A la vez de esta mirada oscura, los cuentos de Agüero también nos ofrecen una forma de consuelo, y quizá incluso de esperanza. Nuestros mitos, historias, creencias y recuerdos están siendo aquí replanteados, y los finales alternativos, aunque implacables, sugieren cierta fuerza contenida, cierto potencial. Quizá sea porque lo que nos sugieren es que todo pudo haber sido de otra manera. Y si eso es así, también el futuro está abierto a nuevas posibilidades.

En los cuentos y sus ilustraciones, encontramos un mundo donde la metamorfosis es posible: las personas se vuelven plantas, puentes, palabras, incluso fórmulas matemáticas, y en los cuerpos surgen los rostros de los ausentes. Así, el libro insinúa que estamos todos conectados o, más que eso, que estamos hechos de la misma materia, una materia que nos une íntimamente con el que pensábamos nuestro enemigo o al que pensábamos perdido. Y desde esa materia, no tienen sentido las ideas de final feliz o triste, o de personajes buenos y malos, ni las moralejas cerradas. Desde ella, más bien, podemos mirar la historia de nuevas maneras, asumir nuevas posiciones, cambiar.

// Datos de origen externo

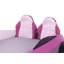 Lit simple Aareon par Zoomie Kids-50591299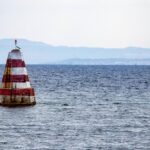 Jak wybrać idealny termin wakacji nad morzem, by uniknąć tłumów?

Sin embargo, en este libro, no se ofrece una señal para, tras reconocernos con madurez y desencantarnos de nosotros mismos, dar el paso necesario de volver a apostar por un futuro diferente. El mundo que nos retrata es tan oscuro que no parece haber lugar para el coraje y el trabajo esforzado que claramente necesitamos para resolver los problemas concretos de los que fue triste consecuencia el periodo de violencia política. No podemos quedarnos con la visión tan dura y abstracta que nos ofrece este hermoso libro. Más bien, debemos tomar el libro como un impulso para salir de ella.